**WHAT IS NEEDED**
The data below should be copied out exactly, with its pictures omitted.

**SOURCE MATERIAL**
--- START ---

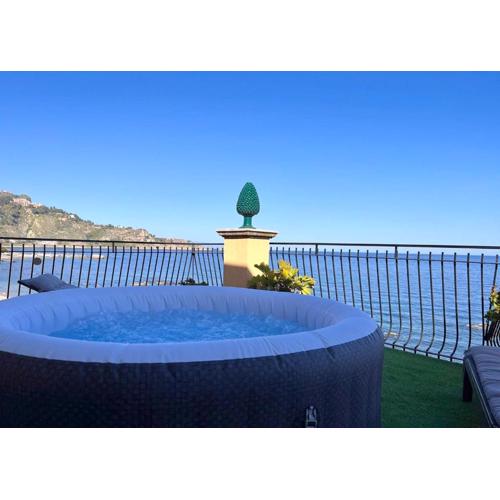 Miriam Sea Front Apartment Jacuzzi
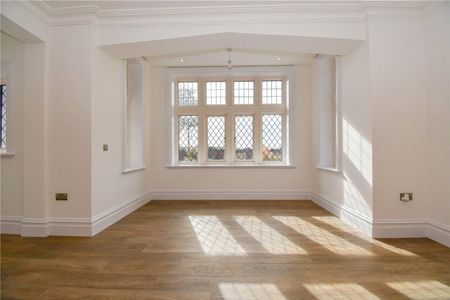 Stanley Road, CH47 1HN, Hoylake - Photo 2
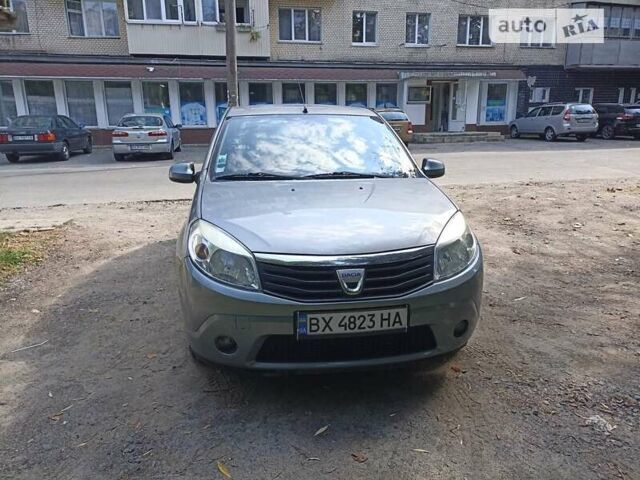 Сірий Дачія Sandero, об'ємом двигуна 1.39 л та пробігом 176 тис. км за 5300 $, фото 1 на Automoto.ua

--- END ---

**YOUR SOLUTION**
 Miriam Sea Front Apartment Jacuzzi
 Stanley Road, CH47 1HN, Hoylake - Photo 2
 Сірий Дачія Sandero, об'ємом двигуна 1.39 л та пробігом 176 тис. км за 5300 $, фото 1 на Automoto.ua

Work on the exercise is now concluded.